Judging by the nature of the series in question (Beesley likens the Sky 1 original drama to a brutal, Jacobean tragedy), it's a slog that requires some pace.

Set in 1619, Jamestown - written by The Paradise's Bill Gallagher and produced by the team behind Downton Abbey - tells the story of three women who enter a ruthless and male-dominated frontier town that's been without females for 12 years.

Leading the testosterone-fuelled settlers is the "multi-complex" survivalist Henry Sharrow - a character that Beesley maintains is one of his most challenging to date.

"I said to my missus the other day, 'It's a job that's come at the right time, at the right part of my life, because it's a hard part to play'," he says. "You can't wing it, there's no way. You have to prep."

He did this by arming himself with as much information as possible.

"That's my method: to get involved and know as much as possible, so then you can throw it away and act accordingly", reasons the Mancunian, whose previous credits also include Hotel Babylon and Bodies.

"If you don't know anything, you don't know anything. The more skilled you are at something, the less effort you put it into it and the more it flows."

Working exhausting 17-hour days, Beesley - a one-time tabloid regular famed for his dalliances with celebrities such as Mel B and Susie Amy - is thankful things like FaceTime help him remain in contact with his family during shoots.

"I miss my daughter, because she's at a beautiful age", the actor admits, shaking his head. "From two-and-a-half to three years, it's a wonderful age.

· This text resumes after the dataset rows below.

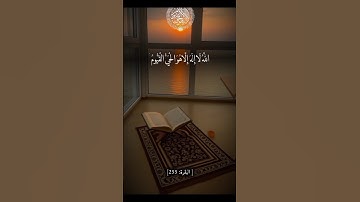 اية الكرسي #quran #قرآن #قران_كريم #آية_الكرسي #سورة_البقر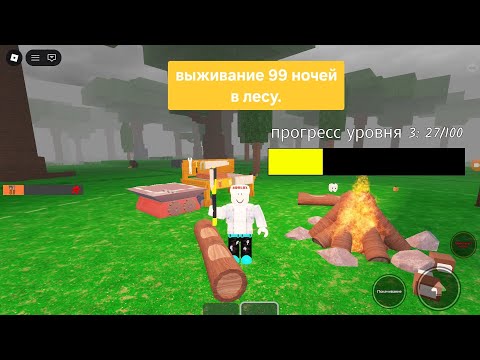 Видео: В 99 ночей в лесу.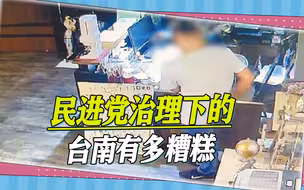 民进党的治理有多糟糕，老巢台南市出现了民宿大盗，半年作案16起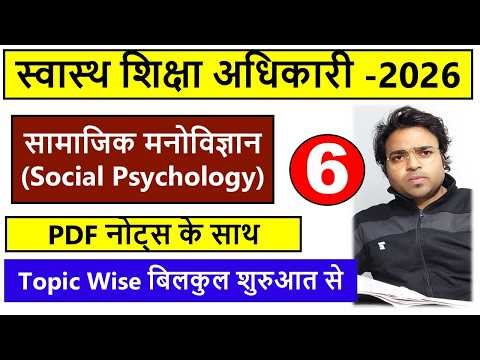 सामाजिक मनोविज्ञान (Social Psychology) for HEO 2026 | UPPSC HEO Best batch | Target Study IQ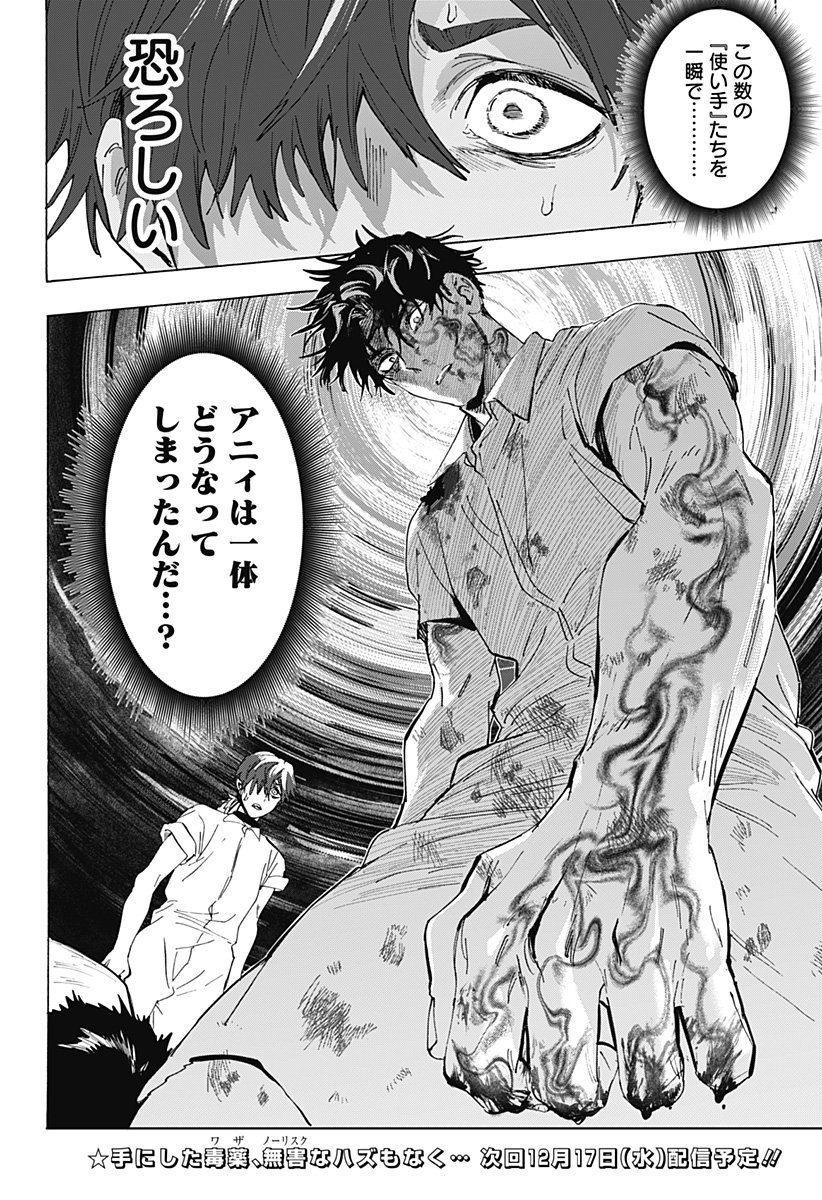 マリッジトキシン Chap 149 - Next Chap 150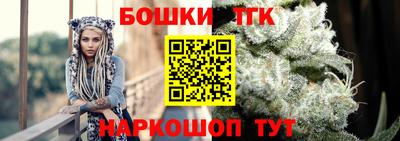 гашиш Бугуруслан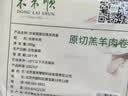 东来顺 内蒙古羔羊原切肉卷净重1.8斤 火锅羊肉片 清真中华老字号 实拍图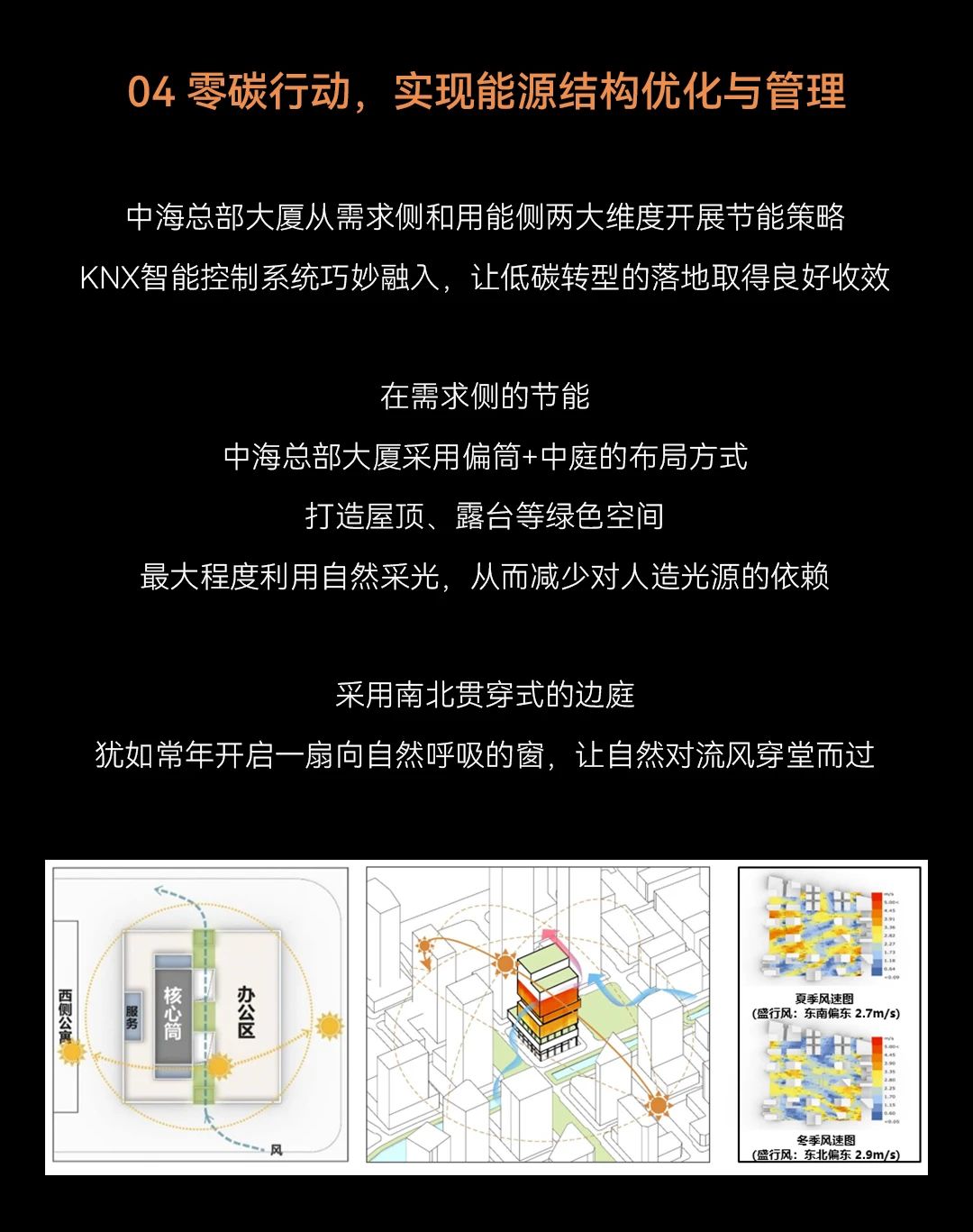 新澳门全年免费原料网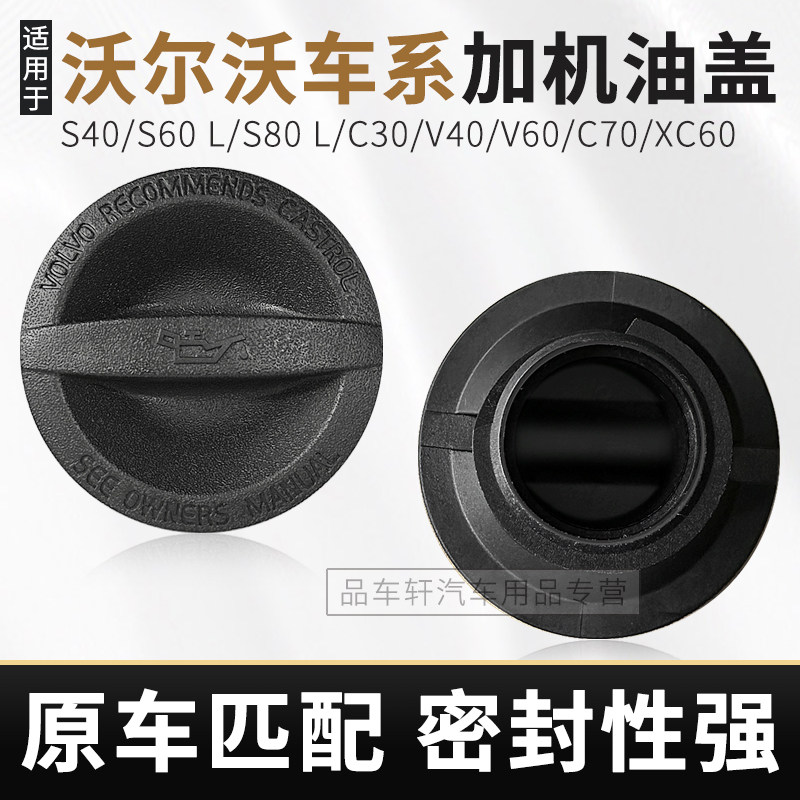 适用于沃尔沃XC60/S40/S60L/S80L/V40/V60/C30/C70机油盖加油口盖,汽车零部件/养护/美容/维保,机油盖,淘宝优惠券,粉丝福利购,淘宝优惠卷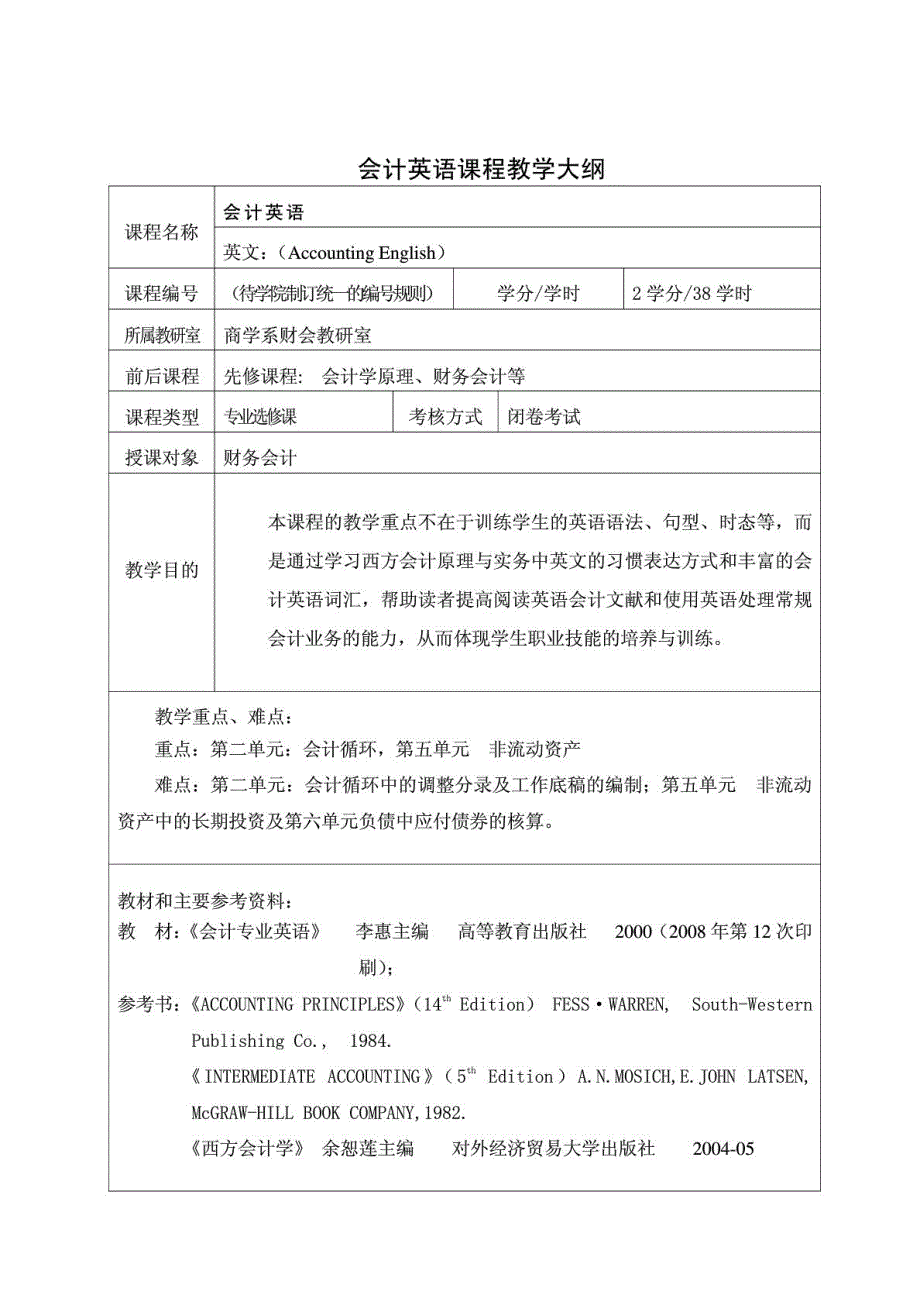 会计英语课程教学大纲_1620550242_第1页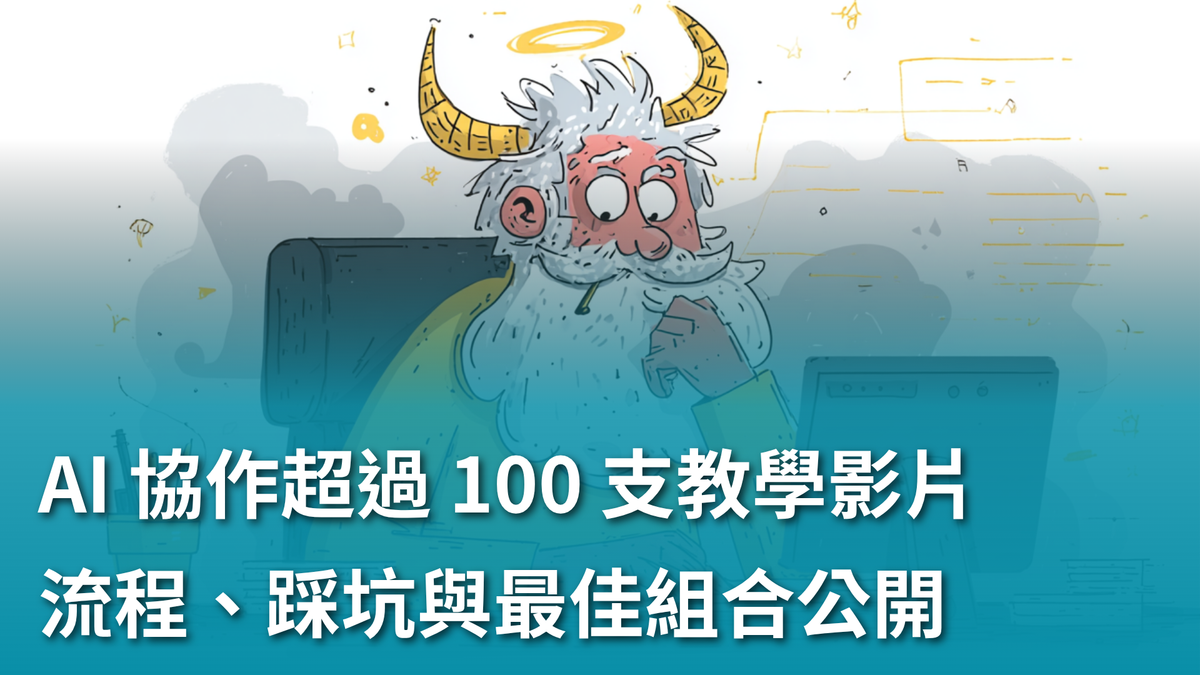 【AI 新手包 #5 打造工具自動化】：AI 工具協作製作超過 100 支教學影片：流程、踩坑與最佳組合公開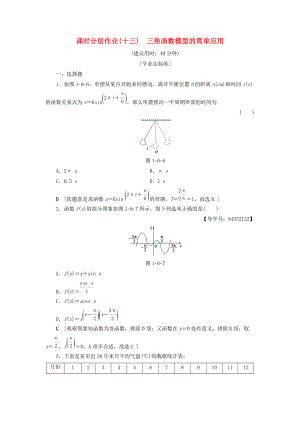 高中數(shù)學(xué) 課時分層作業(yè)13 三角函數(shù)模型的簡單應(yīng)用 新人教A版必修4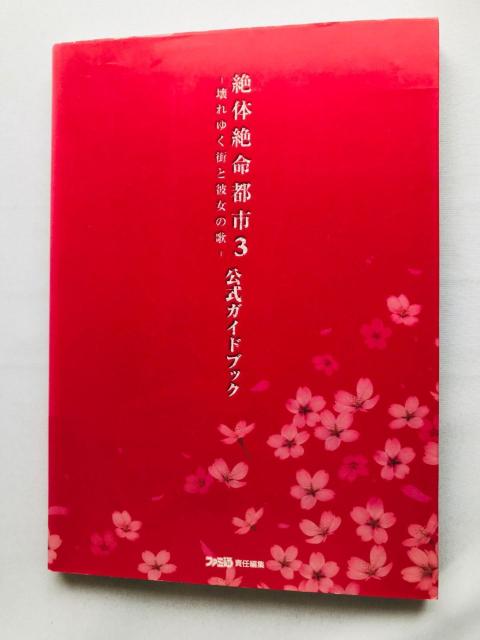 ̐▽ss3@䂭XƔޏ̉́@KChubN@U{@Ł@nKL 3  Disaster Report Book   Q[{/\tg 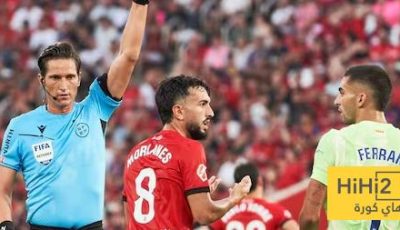 شبح نغريرا حيًا يرزق..! – هاي كورة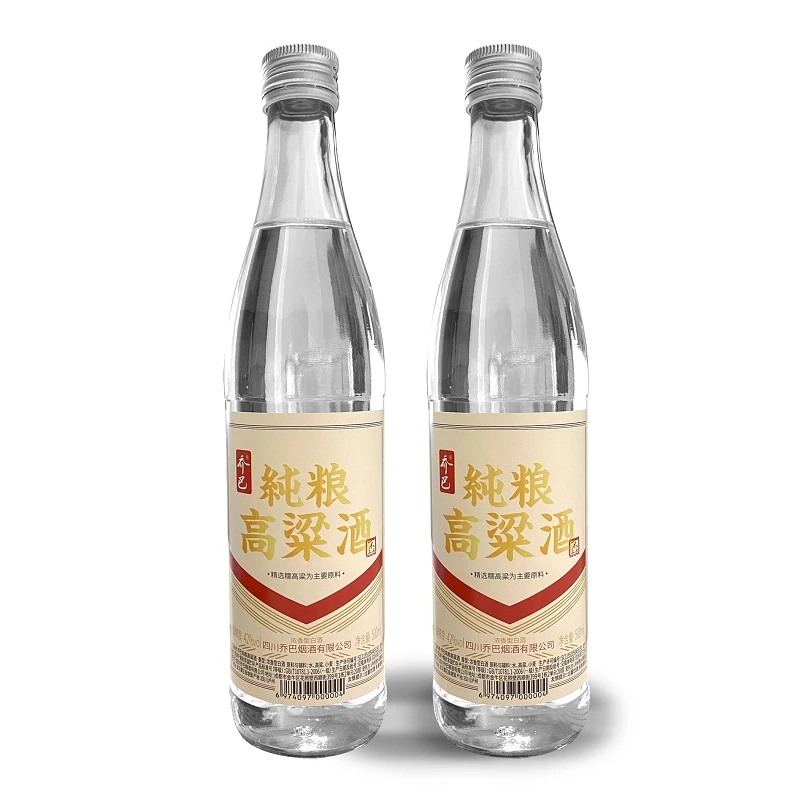 Qiaoba/乔巴乔巴纯粮高粱酒500ml*2瓶浓香型白酒42度42度500ml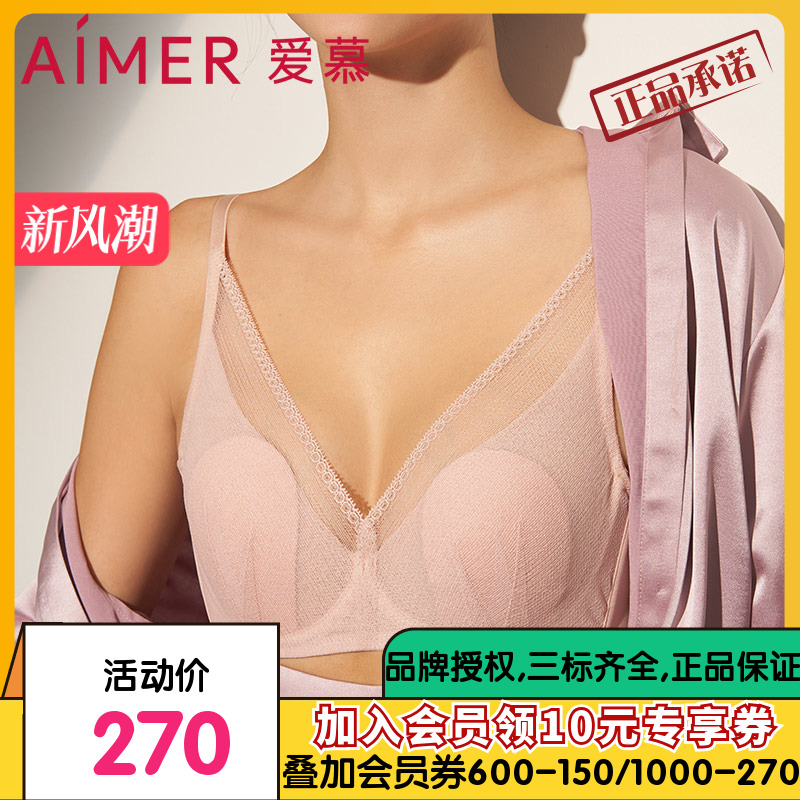 爱慕衬垫模杯文胸内衣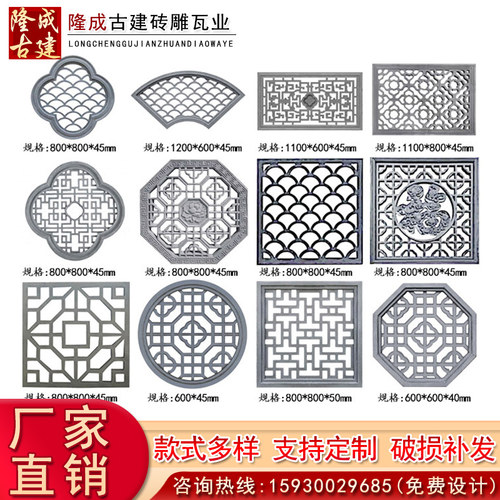 镂空砖雕围墙格水泥扇圆长方形装饰古建庭院透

"Just this time, when I went back, I noticed a little bit of a difference after five weeks away. I've just missed a few beats. I mustn't miss beats."

It makes all the difference, then, that his famous actor-musician father, Maxton Beesley Sr, is out on location with him.

"He's an actor and he writes", says Beesley, who starred alongside his dad in Mad Dogs. "He likes being out here; he loves people and he loves watching the process. He's a very talented man. He's writing the next short that I think we're going to do."

What about a musical collaboration, considering his own impressive past as a percussionist and pianist who's played with the likes of James Brown and Robbie Williams?

"I really do miss music", Beesley proclaims. "I get to dip into it; I wrote some songs for (TV series) Empire in the States this year, a couple of ballads and a hip hop tune. I'll get back into scoring at some point - that'll be my pension, I think."

For now, he hopes to have his passion project realised - it's a film he started writing in 2008 about a crime family in Manchester.

But he knows only too well that LA is a tricky marketplace.

"A lot of the film actors want to do television; it's a wonderful medium to explore, but it's a machine," he says.

"Last year was not a huge year for me - a couple of weeks on Homeland, a couple of weeks on Empire, 10 months writing music and writing. It's swings and roundabouts. That's why it's great to be doing this series."